Your objective: Leave the pictures out. Transcribe exactly every line from the start of the records through the one containing "2013 pinterest.com".

── Records supplied ──

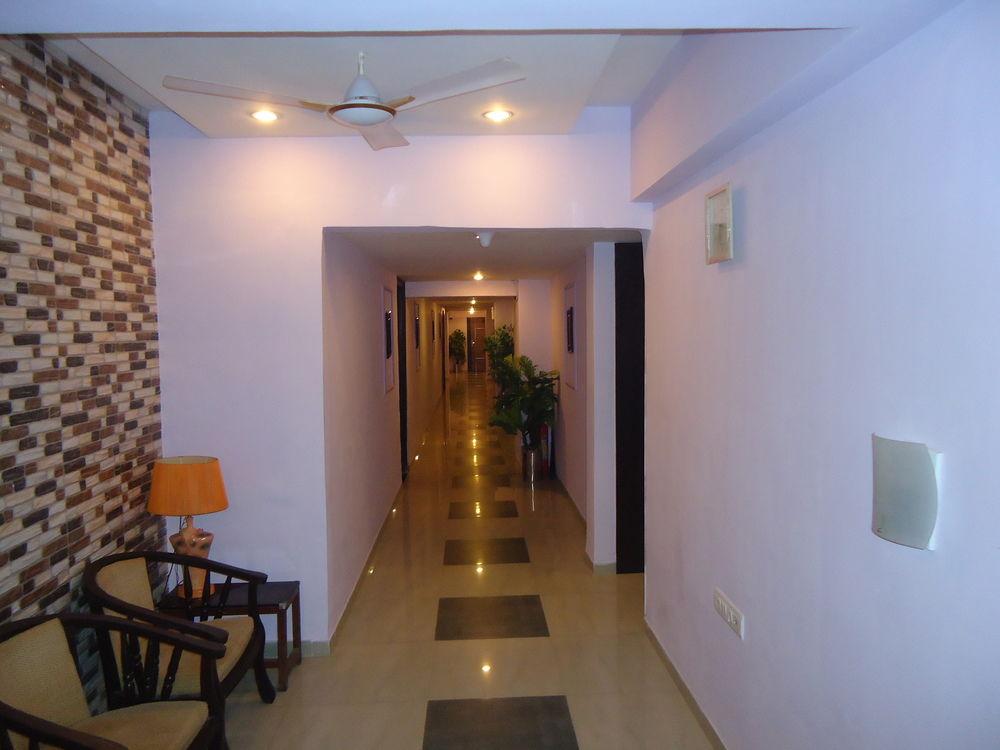 Hotel Maan Residency Satellite Road أحمد أباد المظهر الخارجي الصورة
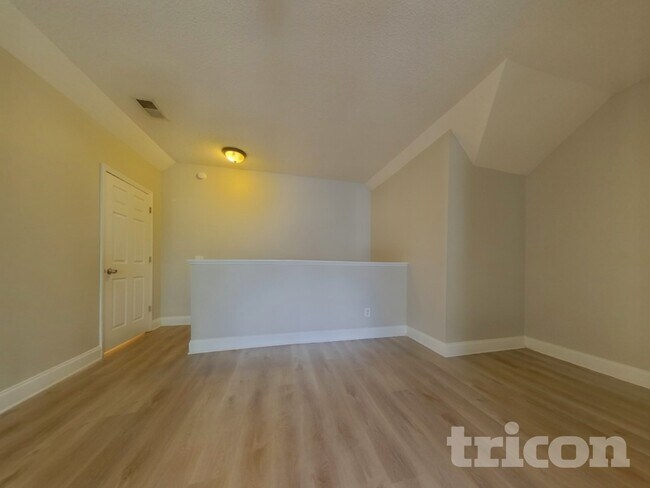 Photo - 8737 Windsor Lake Blvd Casa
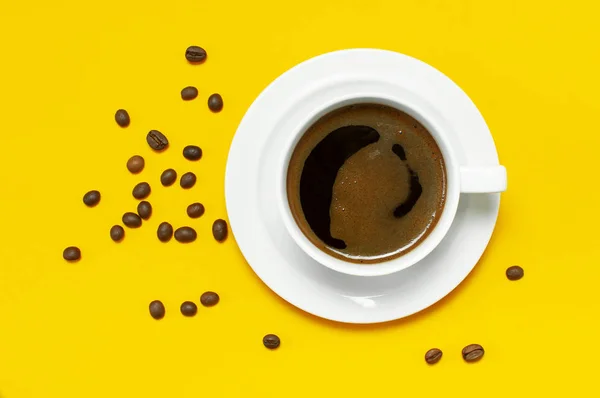 Επίπεδη Lay Φλιτζάνι Μαύρο Καφέ Και Κόκκους Καφέ Κίτρινο Φόντο — Φωτογραφία Αρχείου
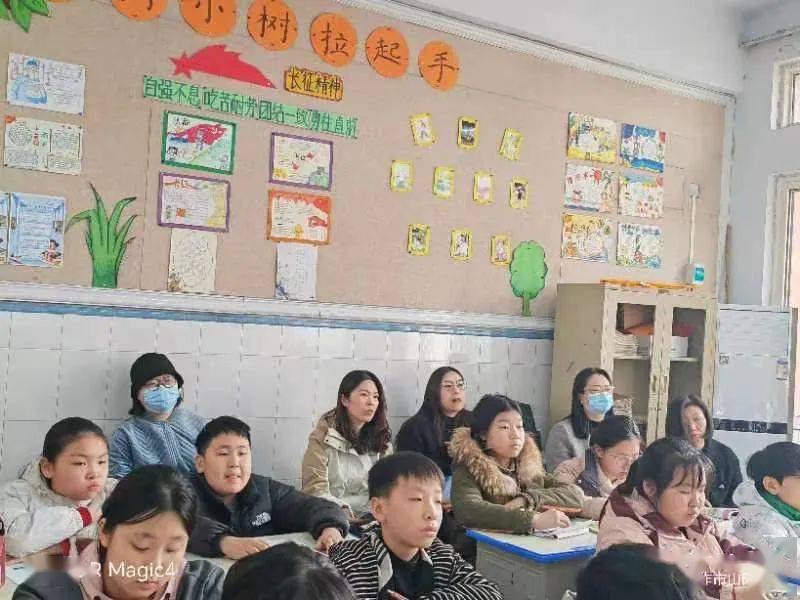 英语课堂课后---以评促改语文学科语文课后二,三年级两个教研组的老师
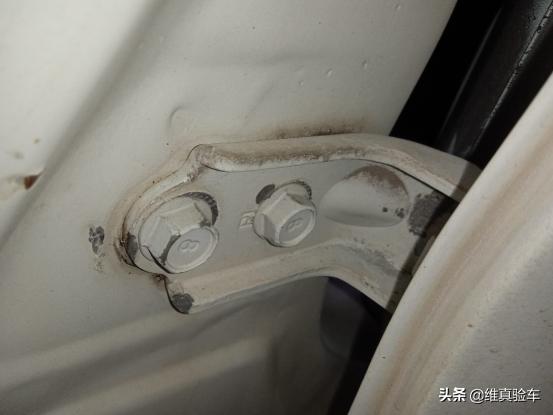 起亚k2两厢爆改,想买辆起亚k2二手车大概多少钱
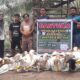 Perwakilan manajemen PT SRL, Suparman dan Staf pemberdayaan masyarakat, Anggi H Siregar menyerahkan bantuan 10 ekor kambing dan peralatan olah raga kepada masyarakat desa Hutaraja Tinggi, Selasa (19/9) (Waspada/Ist)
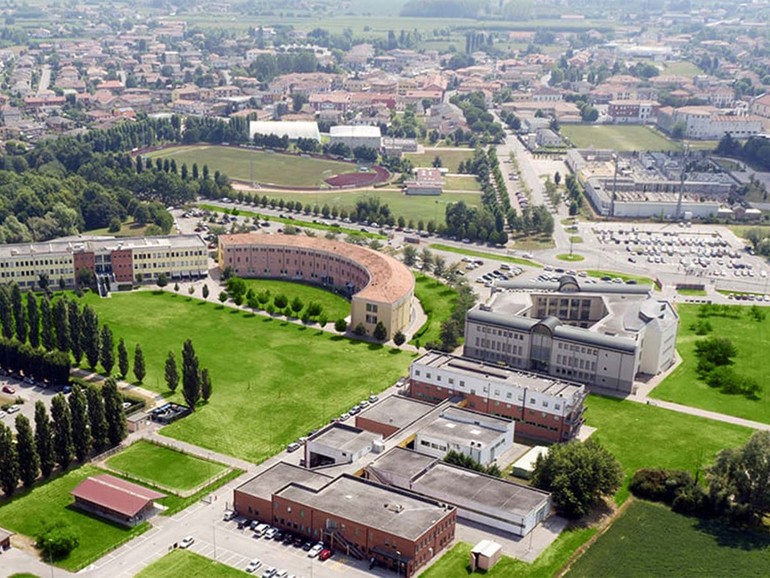 Dal municipio al campanile. Legnaro. Parla il sindaco. Città costantemente aperta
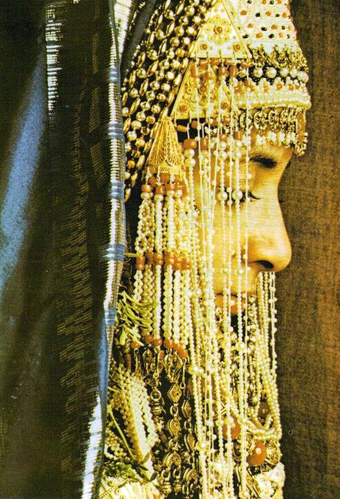 ‘Jemenitische Joodse bruid’
queen-yetta-rosenberg A.Canales 
2013 pinterest.com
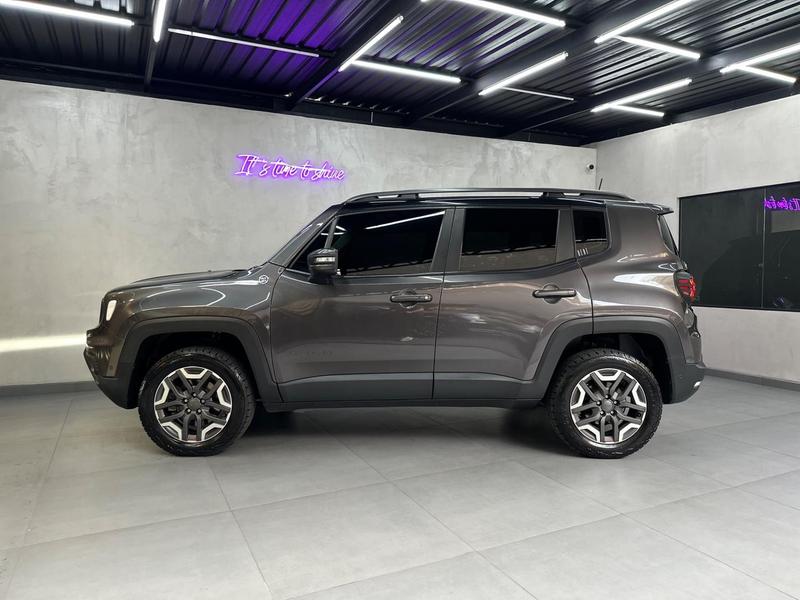 Jeep Renegade Sport T270 1.3 Tb 4X2 Flex Aut. - foto 7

───

Exercise result:
 Hotel Maan Residency Satellite Road أحمد أباد المظهر الخارجي الصورة
 Photo - 8737 Windsor Lake Blvd Casa
 Επίπεδη Lay Φλιτζάνι Μαύρο Καφέ Και Κόκκους Καφέ Κίτρινο Φόντο — Φωτογραφία Αρχείου
 英语课堂课后---以评促改语文学科语文课后二,三年级两个教研组的老师
 起亚k2两厢爆改,想买辆起亚k2二手车大概多少钱
 Perwakilan manajemen PT SRL, Suparman dan Staf pemberdayaan masyarakat, Anggi H Siregar menyerahkan bantuan 10 ekor kambing dan peralatan olah raga kepada masyarakat desa Hutaraja Tinggi, Selasa (19/9) (Waspada/Ist)
 Dal municipio al campanile. Legnaro. Parla il sindaco. Città costantemente aperta
 ‘Jemenitische Joodse bruid’
queen-yetta-rosenberg A.Canales 
2013 pinterest.com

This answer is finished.